» **WHAT YOU ARE ASKED TO DO**
Further down are entries; set down exactly and only the lines from the one with "Basket bébé fille" up to and including the one with "CUTE STONE Kids", dropping each picture.

» **LISTED RECORDS**

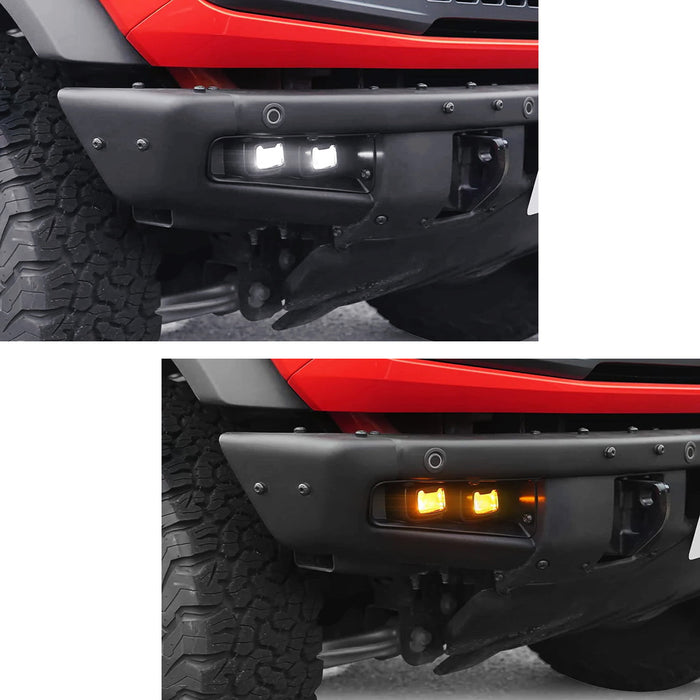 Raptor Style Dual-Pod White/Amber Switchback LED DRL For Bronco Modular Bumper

---

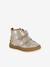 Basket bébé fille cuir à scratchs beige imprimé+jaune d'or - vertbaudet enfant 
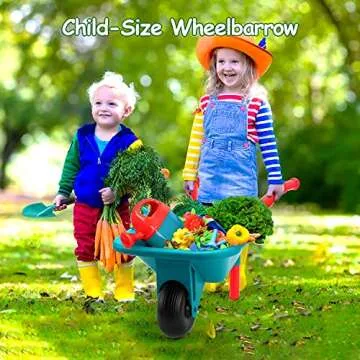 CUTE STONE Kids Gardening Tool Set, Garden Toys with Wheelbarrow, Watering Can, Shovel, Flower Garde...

» **SOLUTION FOR THIS EXERCISE**
 Basket bébé fille cuir à scratchs beige imprimé+jaune d'or - vertbaudet enfant 
 CUTE STONE Kids Gardening Tool Set, Garden Toys with Wheelbarrow, Watering Can, Shovel, Flower Garde...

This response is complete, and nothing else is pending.